● **What you are asked to do**: Would you print all of the entries exactly, please, but without their pictures?

● **Data to examine**:
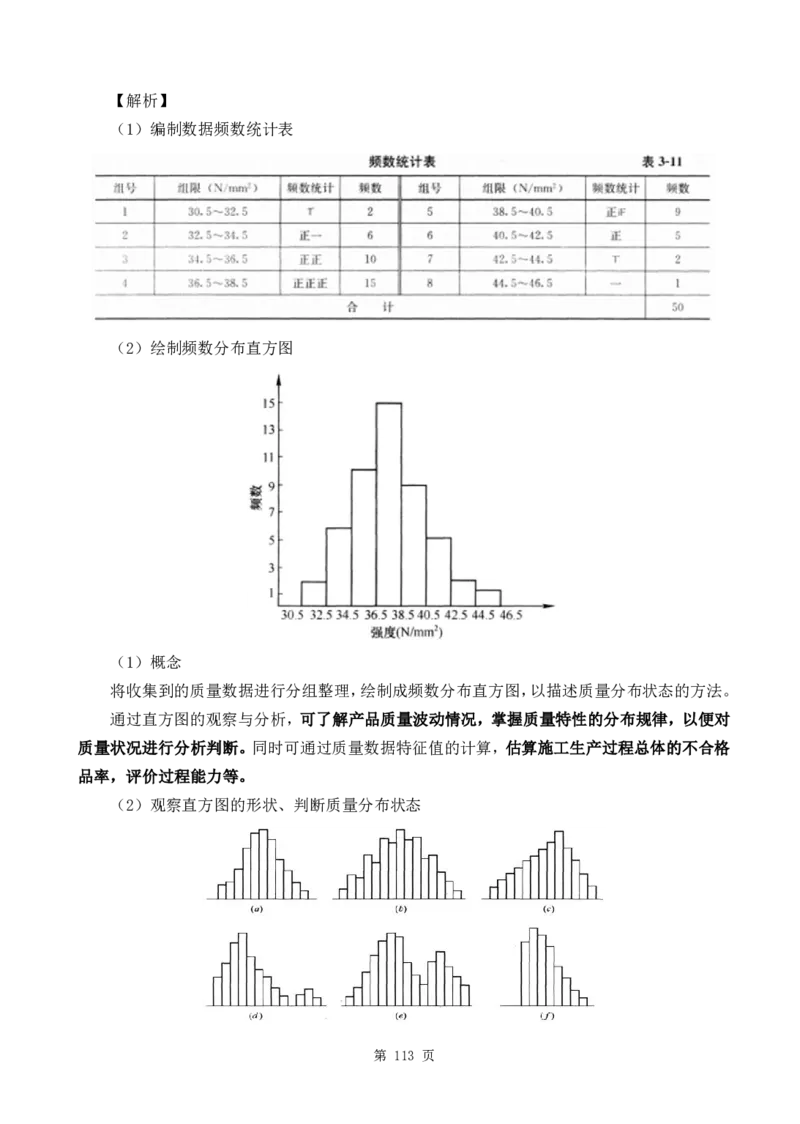 WM_2025年《目标控制-土建》点题飙分精编_监理工程师_2025监理工程师_2025年监理工程师-各大机构_高端电子大礼包_2025年的_点题飙分精编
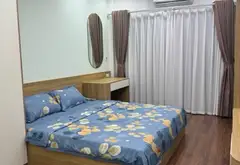 BÁN NHÀ 6 TẦNG THANG MÁY ĐƯỜNG XUÂN THUỶ - CẦU GIÂÝ, VỪA Ở VỪA CHO THUÊ VĂN PHÒNG.... Bán nhà riêng tại Cầu Giấy, Hà Nội 04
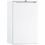 Холодильник Beko TS190020 (6025409) Europe - фото 1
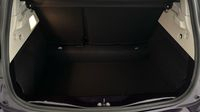 Renault Zoé R110 Evolution - MY22 — photo 14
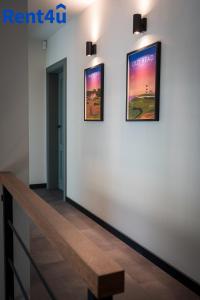 Fairway House by Rent4You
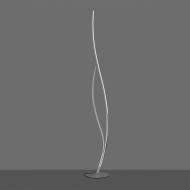 Торшер Mantra Corinto 6108 Торшер Mantra Corinto 6108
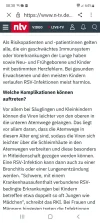 Screenshot_20221201-083852_Samsung Internet.webp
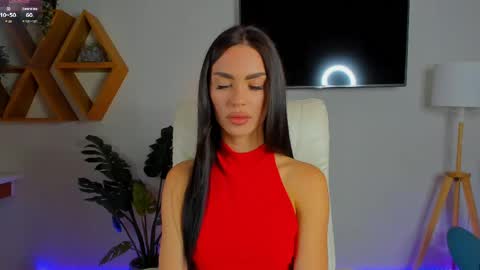 Snapshot of cherry__kiss chatting on April 11, 6:45 pm Cherry Kiss online show from April 11, 6:45 pm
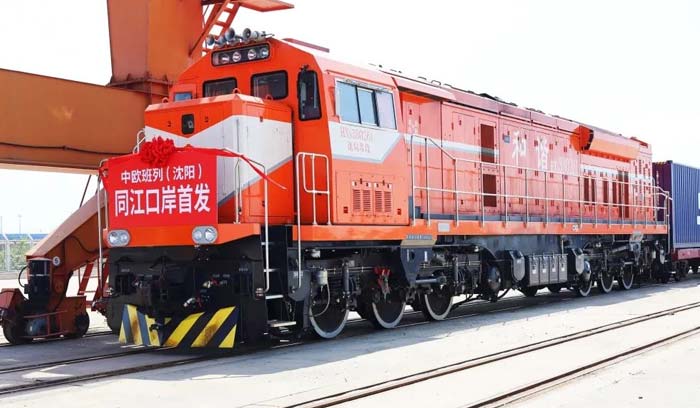 首页| PP电子游戏中国区官方网站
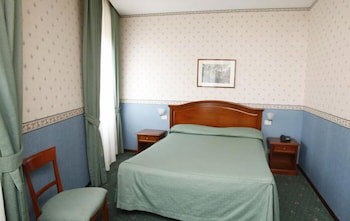 Hotel Adriatic galeri fotoğrafı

● **Task output**:
 WM_2025年《目标控制-土建》点题飙分精编_监理工程师_2025监理工程师_2025年监理工程师-各大机构_高端电子大礼包_2025年的_点题飙分精编
 BÁN NHÀ 6 TẦNG THANG MÁY ĐƯỜNG XUÂN THUỶ - CẦU GIÂÝ, VỪA Ở VỪA CHO THUÊ VĂN PHÒNG.... Bán nhà riêng tại Cầu Giấy, Hà Nội 04
 Холодильник Beko TS190020 (6025409) Europe - фото 1
 Renault Zoé R110 Evolution - MY22 — photo 14
 Fairway House by Rent4You
 Торшер Mantra Corinto 6108 Торшер Mantra Corinto 6108
 Screenshot_20221201-083852_Samsung Internet.webp
 Snapshot of cherry__kiss chatting on April 11, 6:45 pm Cherry Kiss online show from April 11, 6:45 pm
 首页| PP电子游戏中国区官方网站
 Hotel Adriatic galeri fotoğrafı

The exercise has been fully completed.